__INPUT DATA__.
—————

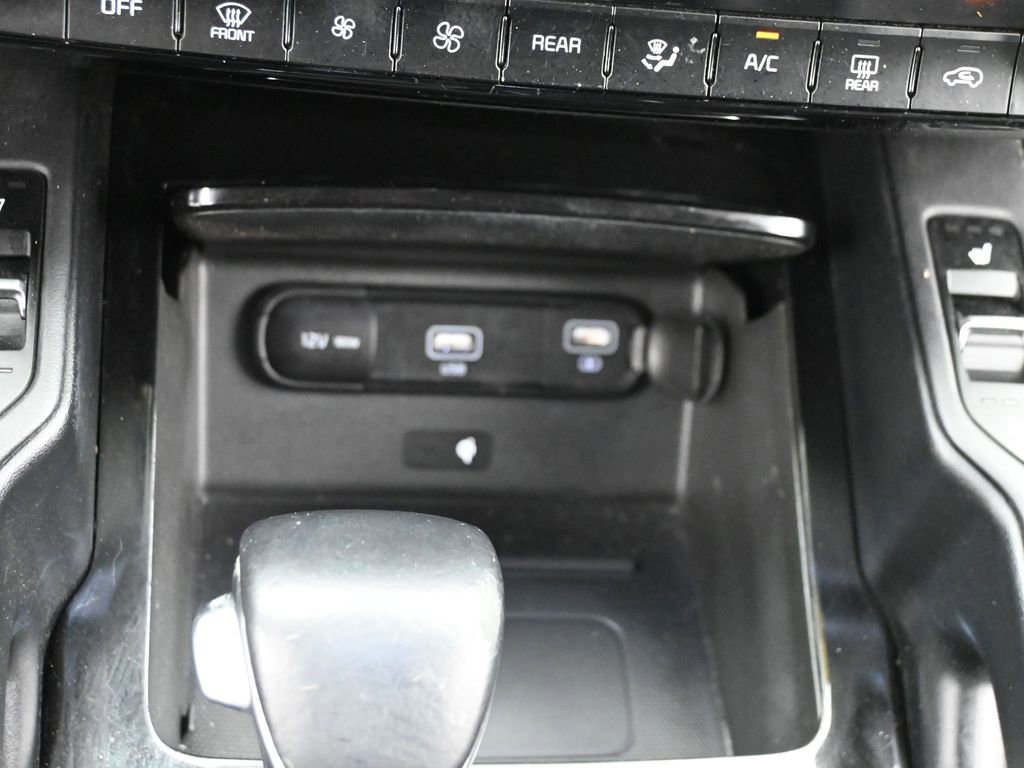 Used 2022 Kia Telluride EX w/ EX Premium Package image 18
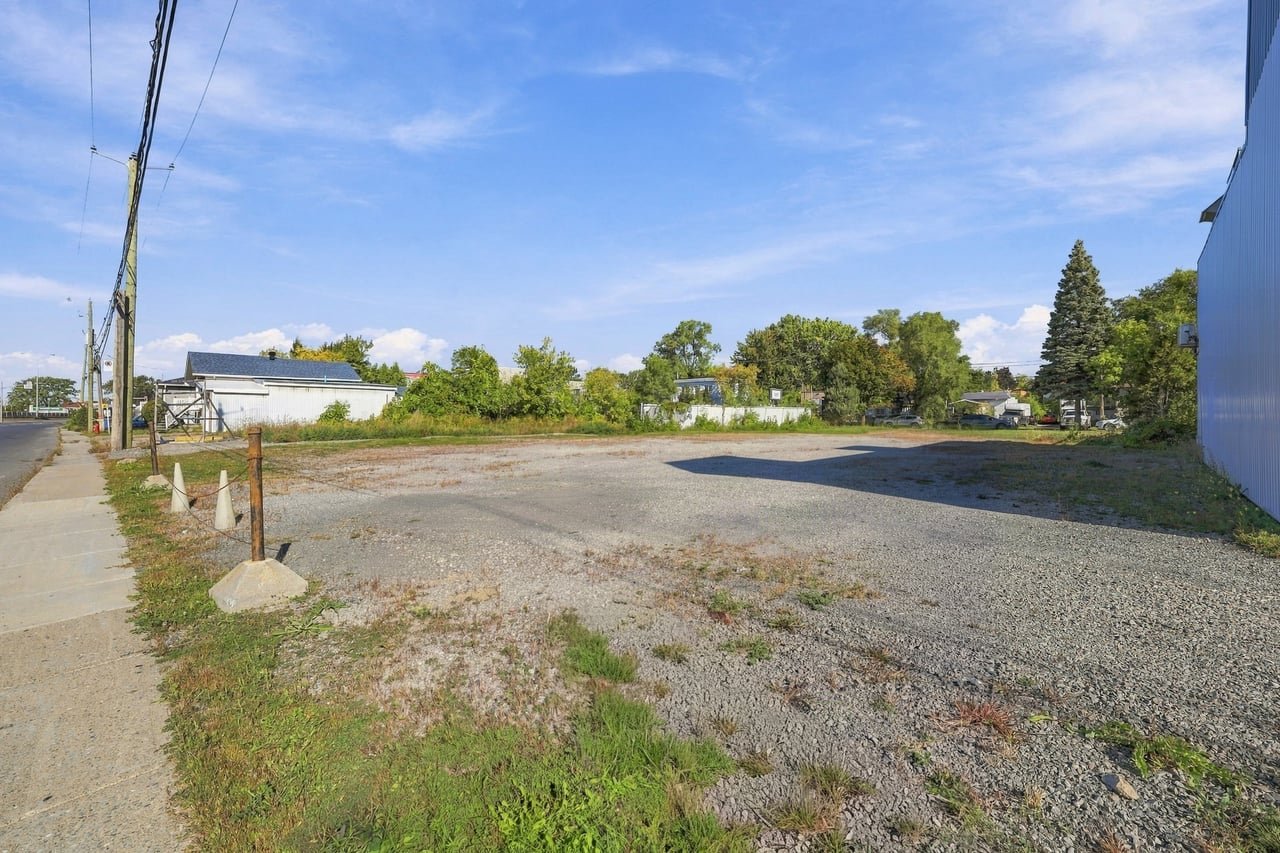 MLS: 25790758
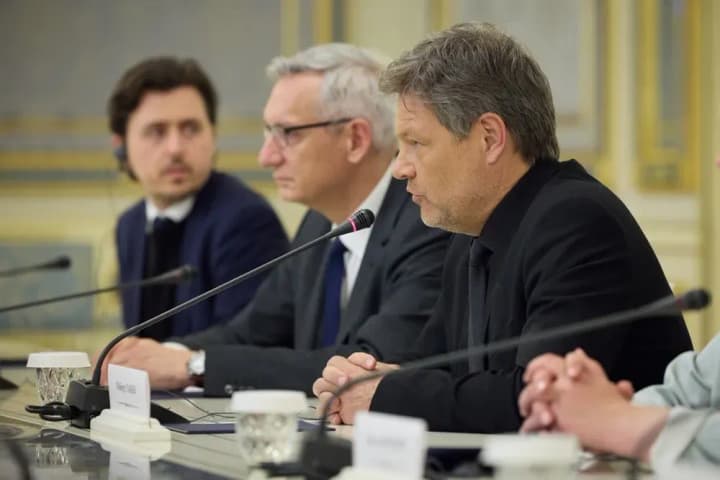 Полтора часа в бомбоубежище: вице-канцлер Германии спускался в укрытие в Киеве из-за воздушной тревоги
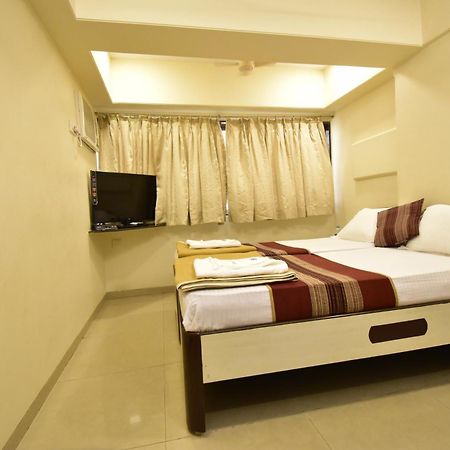 Hotel Kalpana Palace, Mumbai  Buitenkant foto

—————

Once the pictures are removed, print all the remaining data exactly as it stands.

 Used 2022 Kia Telluride EX w/ EX Premium Package image 18
 MLS: 25790758
 Полтора часа в бомбоубежище: вице-канцлер Германии спускался в укрытие в Киеве из-за воздушной тревоги
 Hotel Kalpana Palace, Mumbai  Buitenkant foto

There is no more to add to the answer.